Data extracts =>
==========

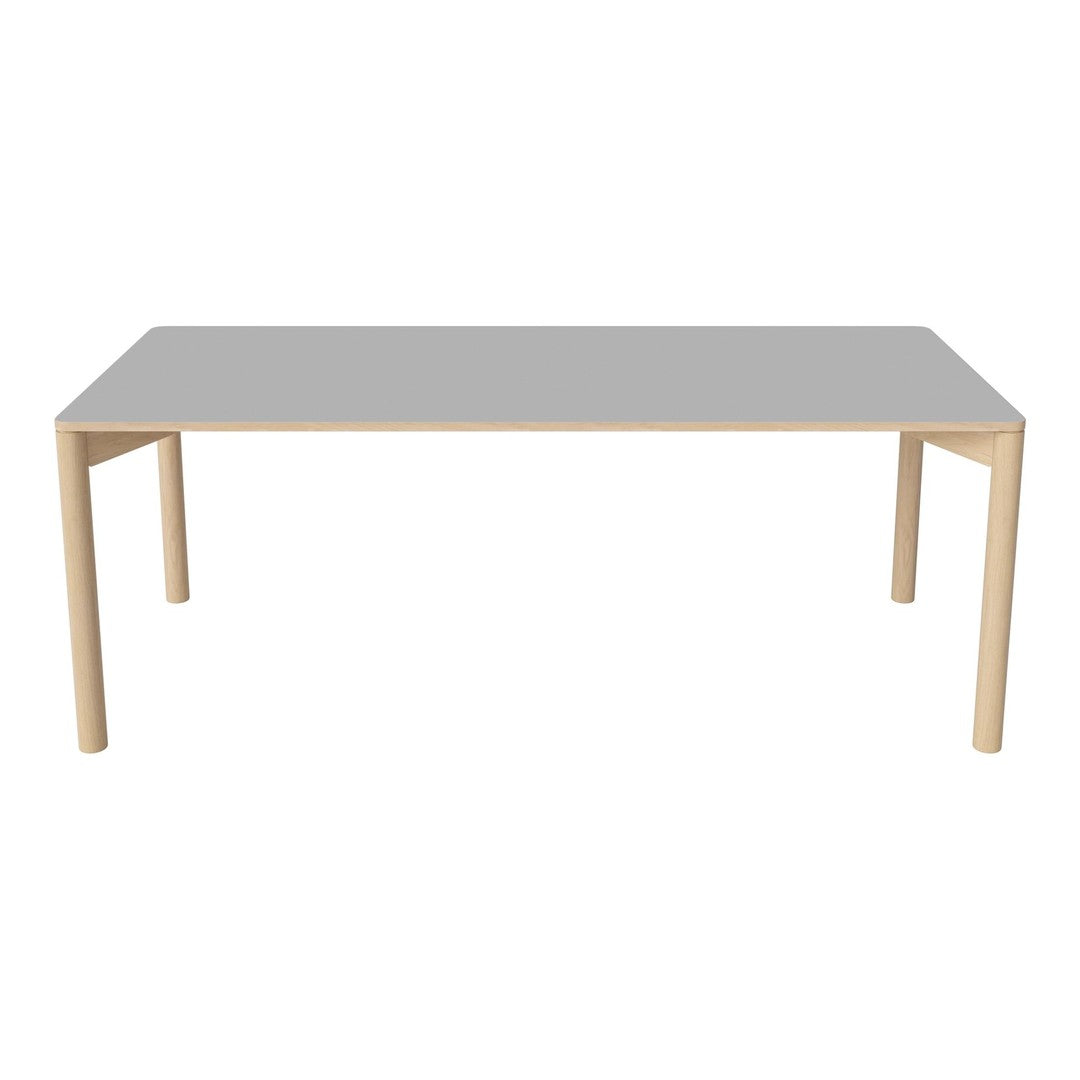 Gray rectangular table with light wooden legs, featuring a sleek, minimalist design and smooth surface.
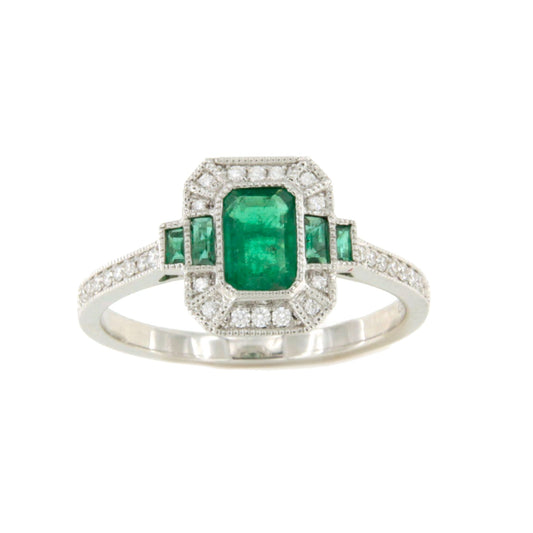 Anillo DORTMUND roseta esmeralda baguettes y brillantes en oro blanco 18 ktes.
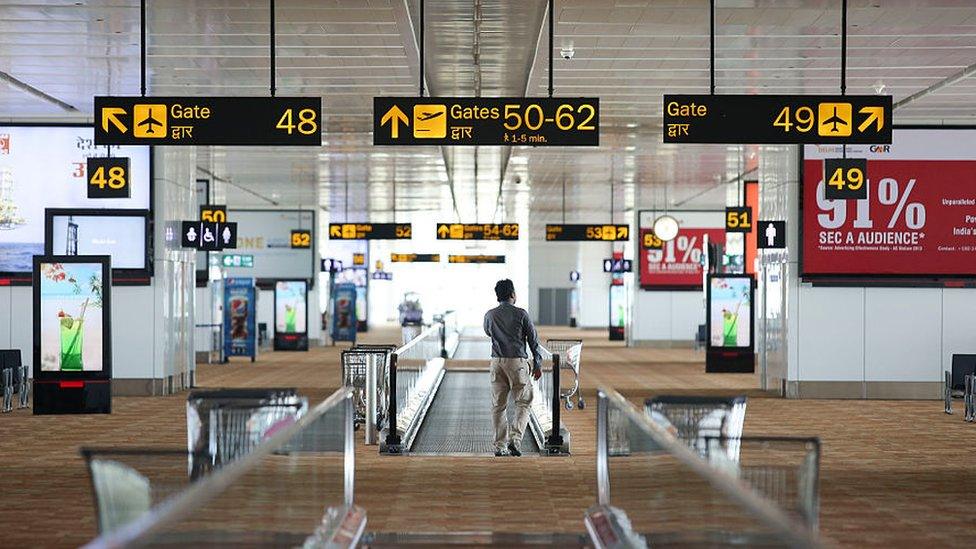 A man waiting at the airport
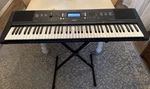 Yamaha PSR-EW310 76-KEYS Electronic Keyboard With Black Stand. Fixed Price $220.00.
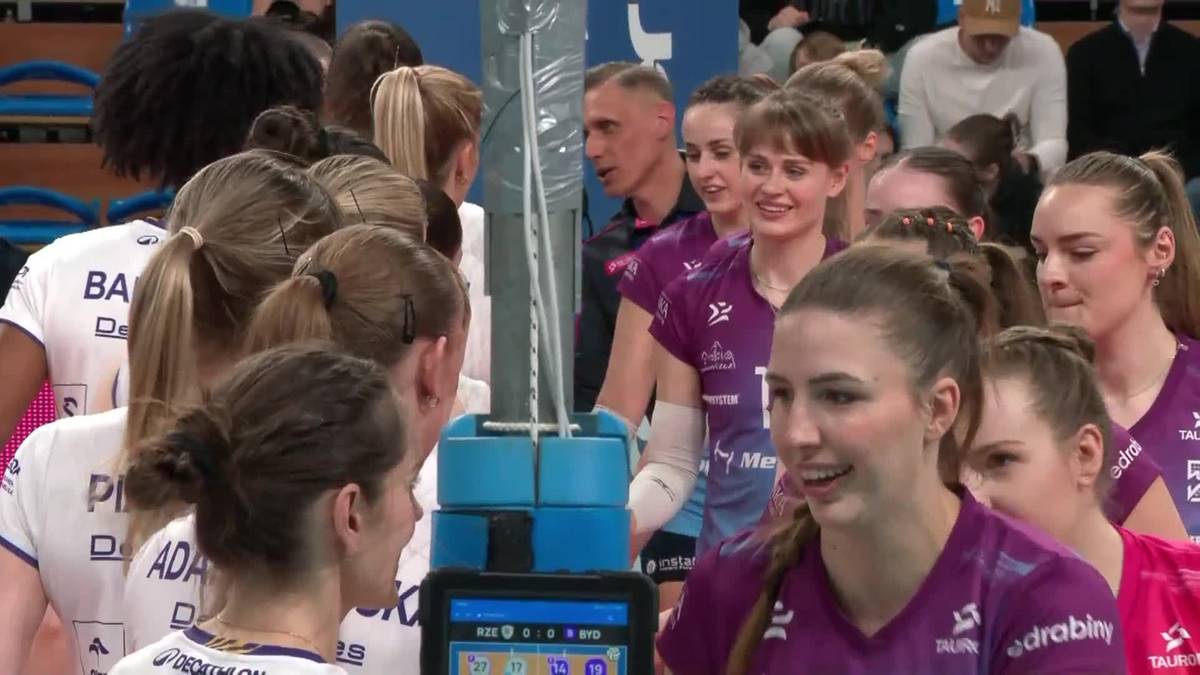 Grupa uśmiechniętych siatkarek w strojach sportowych, otoczonych przez kibic&oacute;w i personel, po meczu siatk&oacute;wki.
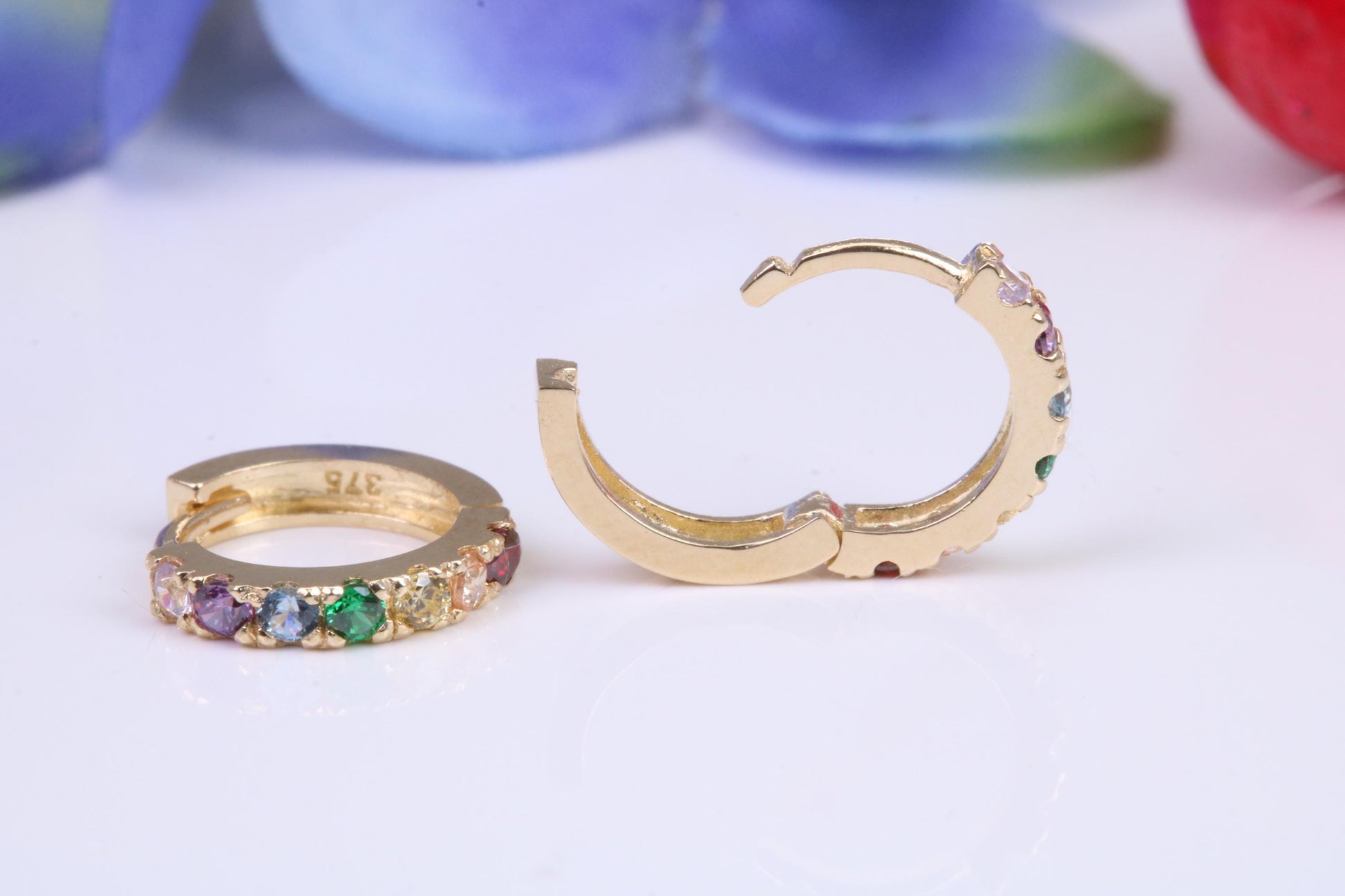 10 mm round hinged hoop earrings, made from solid yellow gold and set with Rainbow Coloured Cubic Zirconia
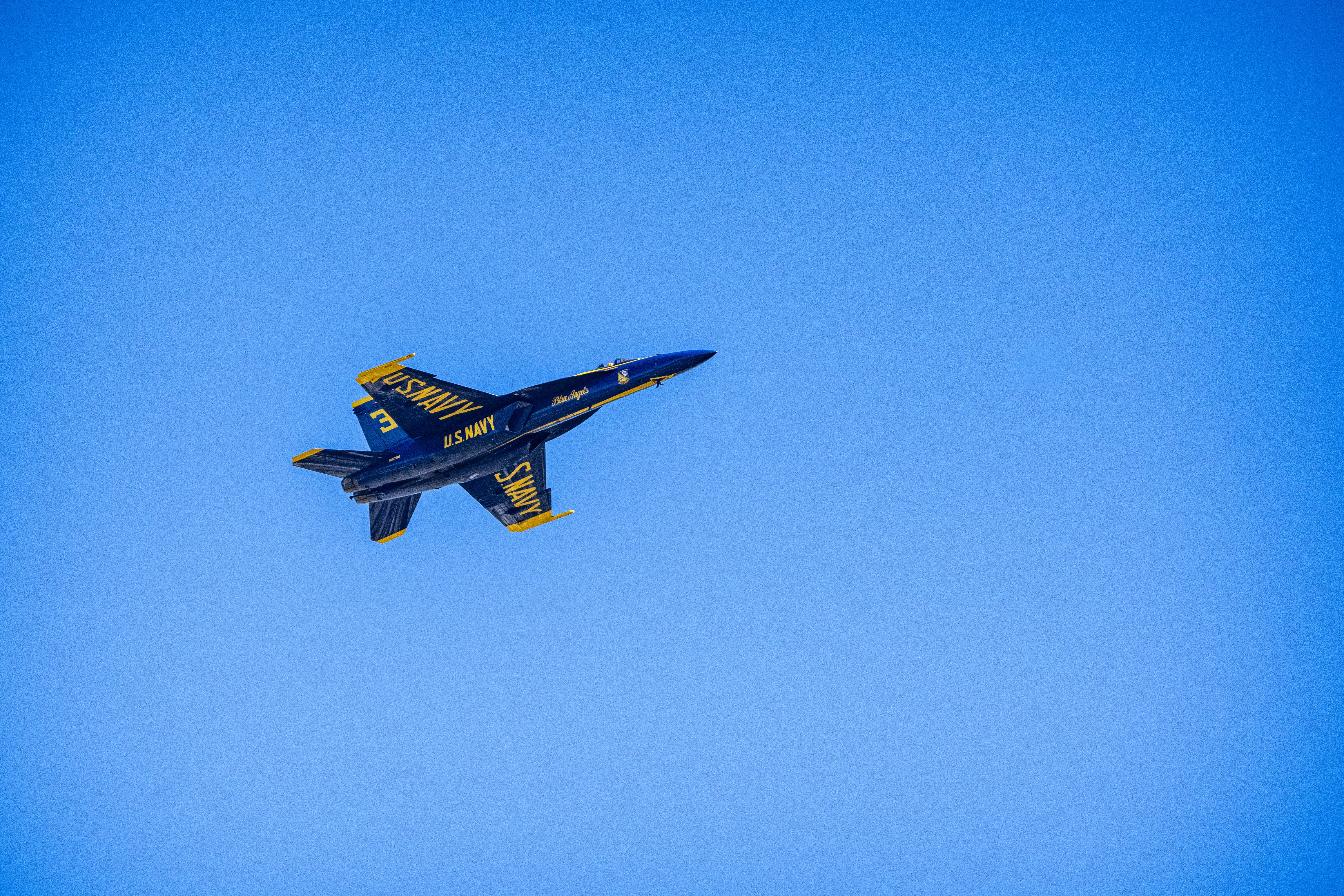 A Blue Angels jet banks across the sky with a faint smoke trail behind it.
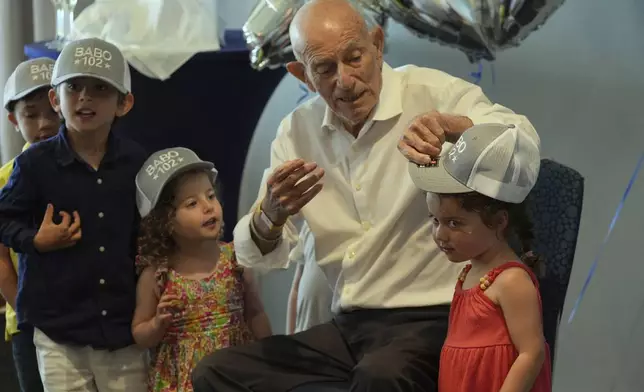 Harold Terens gifts customized hats to his great grandchildren during his 102 birthday party Saturday, July 26, 2025, in Delray Beach, Fla. (AP Photo/Marta Lavandier)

==========

Work request => Print out all the material word for word but exclude any images.

Written solution =>
 Gray rectangular table with light wooden legs, featuring a sleek, minimalist design and smooth surface.
 Anillo DORTMUND roseta esmeralda baguettes y brillantes en oro blanco 18 ktes.
 A man waiting at the airport
 Yamaha PSR-EW310 76-KEYS Electronic Keyboard With Black Stand. Fixed Price $220.00.
 Grupa uśmiechniętych siatkarek w strojach sportowych, otoczonych przez kibic&oacute;w i personel, po meczu siatk&oacute;wki.
 10 mm round hinged hoop earrings, made from solid yellow gold and set with Rainbow Coloured Cubic Zirconia
 A Blue Angels jet banks across the sky with a faint smoke trail behind it.
 Harold Terens gifts customized hats to his great grandchildren during his 102 birthday party Saturday, July 26, 2025, in Delray Beach, Fla. (AP Photo/Marta Lavandier)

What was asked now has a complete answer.